I have struggled lately and feel I may have lost my way a little. Being an adult can be tricky and sometimes it feels that every few years I am operating and experiencing adulthood without a certificate. When this happens to me (and it often does), I go back to basics. I take thirty minutes out of my schedule, make myself a cup of Earl Grey, and deeply study the photograph of myself as a child.
This photograph is of me at nine years old (or at least sometime before I had my haircut at ten). This is me before life took its hold. This is the back-to-basics me. At nine, I was pure, honest, innocent and had a clear (if childlike) set of values and morals.

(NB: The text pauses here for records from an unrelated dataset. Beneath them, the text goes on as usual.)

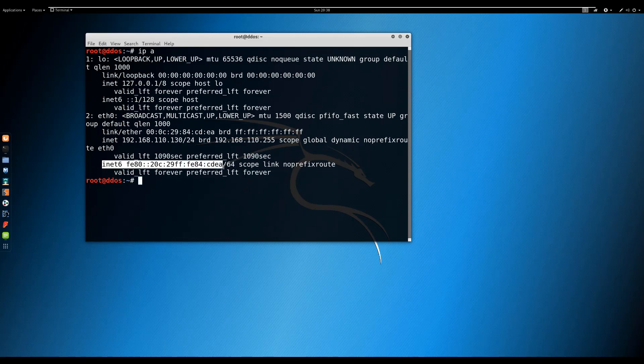If for some reason you want to completely disable the IP version 6 protocol in your Linux system, this video is for you. There are two methods to disable IP version 6.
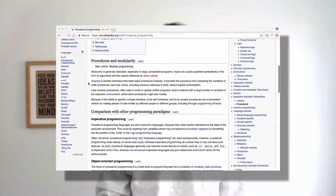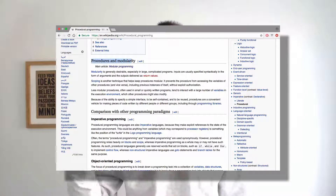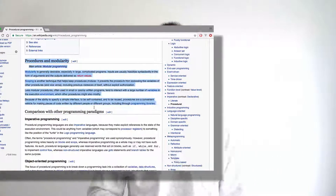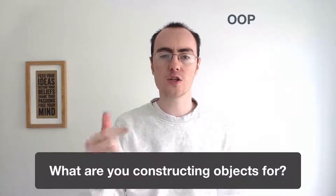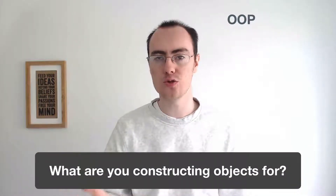Somebody told me that I didn't know what I was talking about because I said that procedural programming is very good and it's very robust, and it is. But when it comes to large-scale applications, you need to introduce modularity. Let's take a look first at object-oriented programming and understand this is not modular programming — it's all based upon what your class or constructor function is used for.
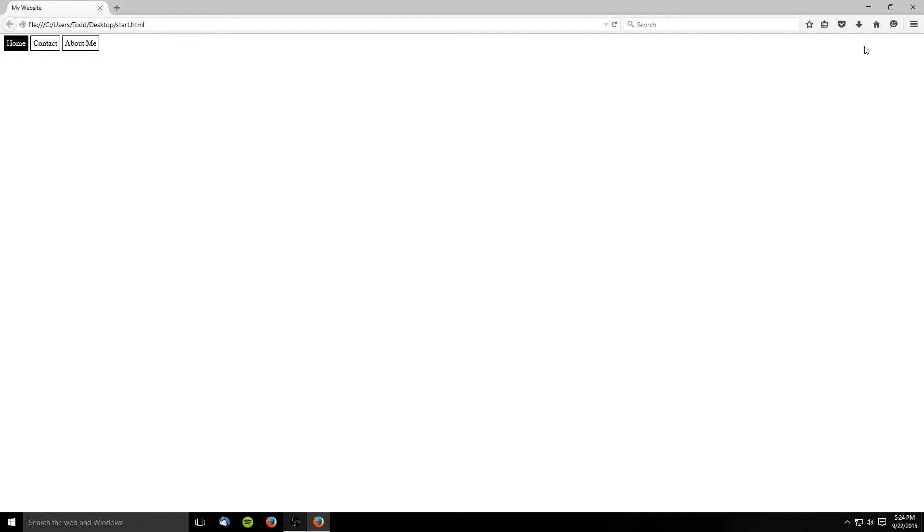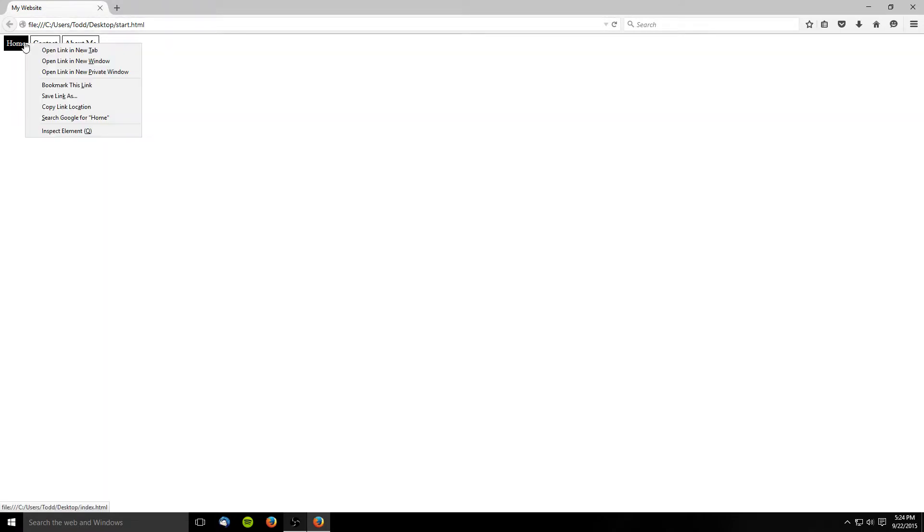Next we're going to look at a much more powerful tool. It's an element inspector that every browser has built in, and even though they're all slightly different, they're all essentially the same thing. To bring up your element inspector, right click on a page and choose Inspect Element.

I often find it hard to feel love and compassion for my present-day adult self, however, I find it much easier to care for the little girl in the photo. So, when life is hard, I make decisions on her behalf.

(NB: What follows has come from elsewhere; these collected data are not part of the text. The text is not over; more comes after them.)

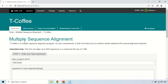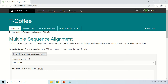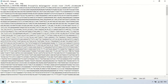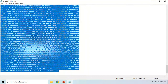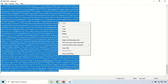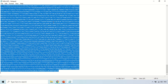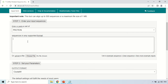T-Coffee is a multiple sequence alignment program. To perform multiple sequence alignment, you will need more than two sequences. I have already downloaded sequences from the NCBI website — I have a separate video on that, and the link will be in the description. Just copy your sequences and paste them in this section.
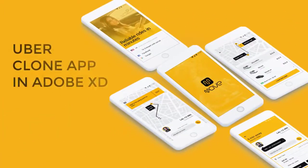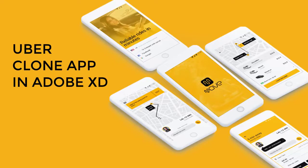Through this course, we'll guide you on how to create an Uber clone app in Adobe XD with the latest features and design aesthetics.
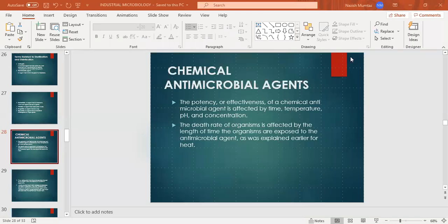In the name of Allah, Rahman Rahim. Students, today's topic is Chemical Antimicrobial Agents. In the last class, we started disinfection and we studied physical methods. After disinfection, we discussed some terms. Today we will discuss which chemicals are used for antimicrobial properties or antimicrobial action.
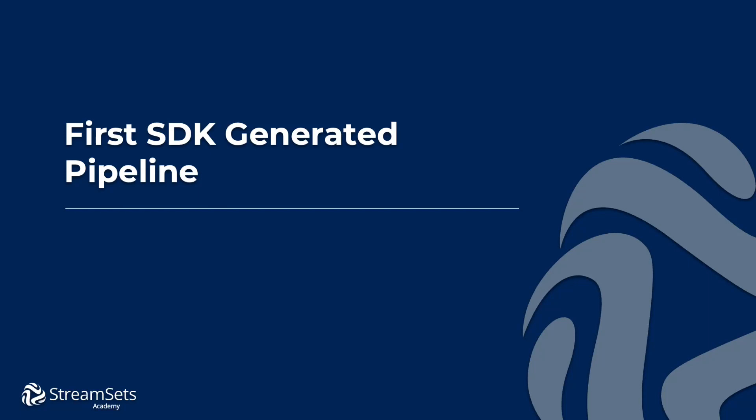In this video, we'll be looking at how to create a pipeline using the SDK. We'll look at creating the pipeline on multiple data collectors. And finally, we'll take a look at deleting pipelines.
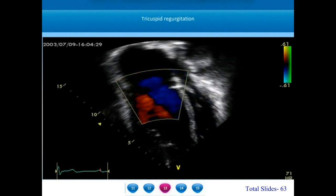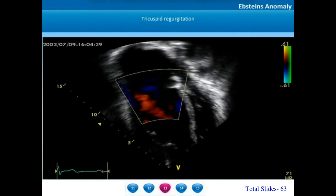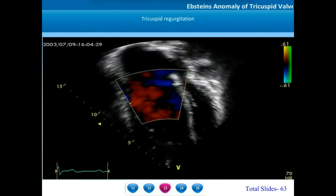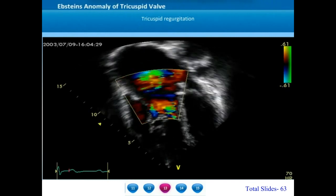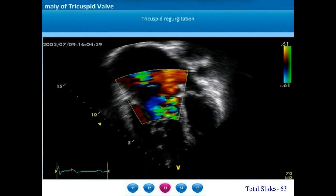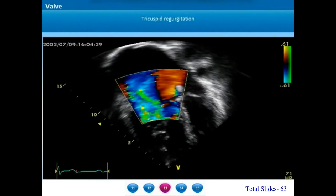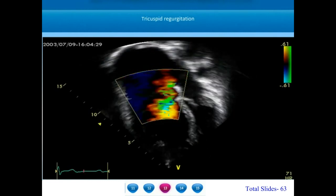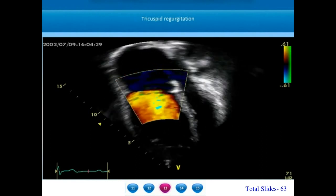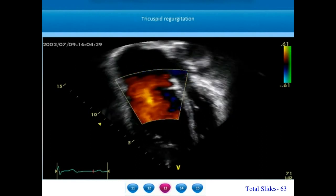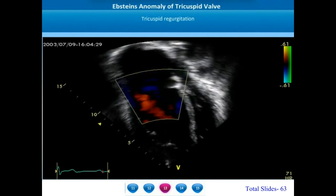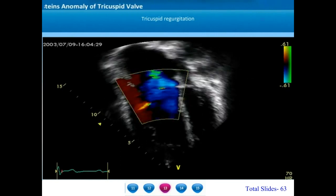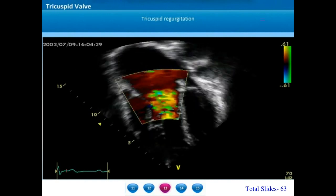The diagnostic feature of Carpentier type B Epstein's anomaly is the mobility of the anterior tricuspid leaflet. The tricuspid regurgitation may be very variable in the various types of Epstein's anomaly. Since the repair of Epstein's anomaly is primarily dependent on the mobility of the anterior tricuspid leaflet, even though there is severe tricuspid regurgitation, these valves will be repairable and are grouped under Carpentier type B.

My parents are no longer alive, so I must remember to parent myself. When things are difficult, I sit quietly and imagine speaking to my mum. If I concentrate hard enough, I can almost hear her voice giving me advice. My mother is someone who would have put my needs first.
In times of relationship stress and divorce, it can be difficult to consider your own needs. This can become even harder to do if you feel guilt for the part you played in the breakup/ relationship problems. In separation everybody deserves consideration. Breakups are hard but they should be fair for everyone to be able to move forward and find peace.
If you are struggling today, try the thirty-minute exercise. Find a photo of your younger self and start remembering who you were/are. Start being kind to yourself.